Dataset extract section start

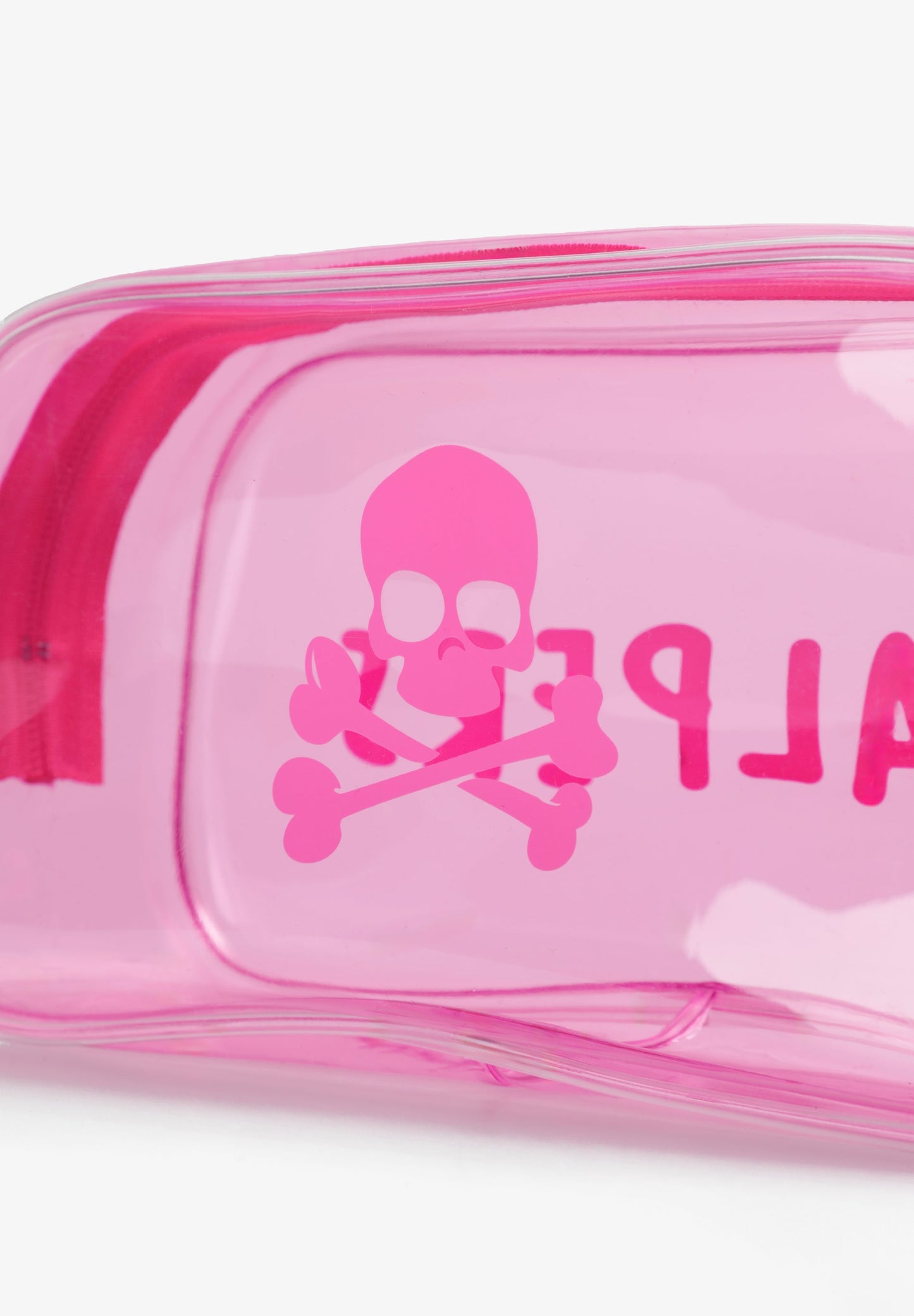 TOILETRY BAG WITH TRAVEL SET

Dataset extract section end
Dataset extract section start

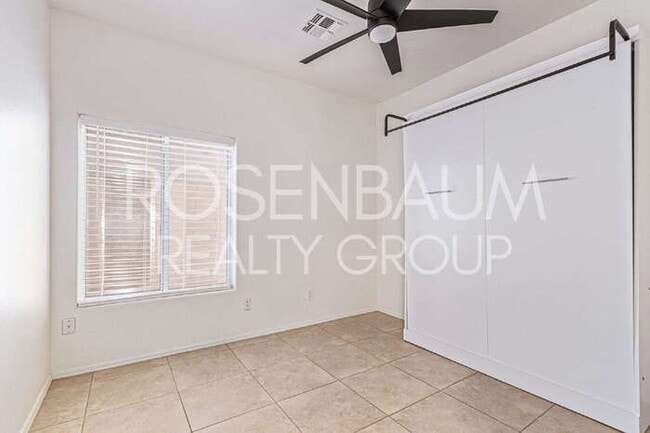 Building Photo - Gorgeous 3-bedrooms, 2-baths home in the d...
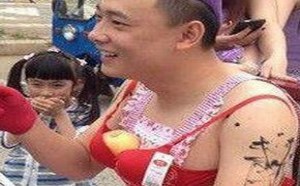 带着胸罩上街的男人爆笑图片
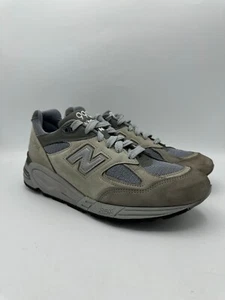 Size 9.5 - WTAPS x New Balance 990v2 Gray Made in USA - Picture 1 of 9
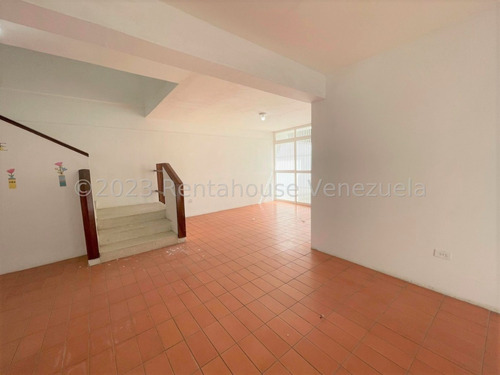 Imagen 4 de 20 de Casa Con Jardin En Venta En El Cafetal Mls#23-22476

Dataset extract section end

▶ _Problem to solve_: Exactly the lines starting at the one above with "Building Photo - Gorgeous" and ending at the one with "Imagen 4 de" should be printed, and nothing else. Omit the pictures.

▶ _Output below_:
 Building Photo - Gorgeous 3-bedrooms, 2-baths home in the d...
 带着胸罩上街的男人爆笑图片
 Size 9.5 - WTAPS x New Balance 990v2 Gray Made in USA - Picture 1 of 9
 Imagen 4 de 20 de Casa Con Jardin En Venta En El Cafetal Mls#23-22476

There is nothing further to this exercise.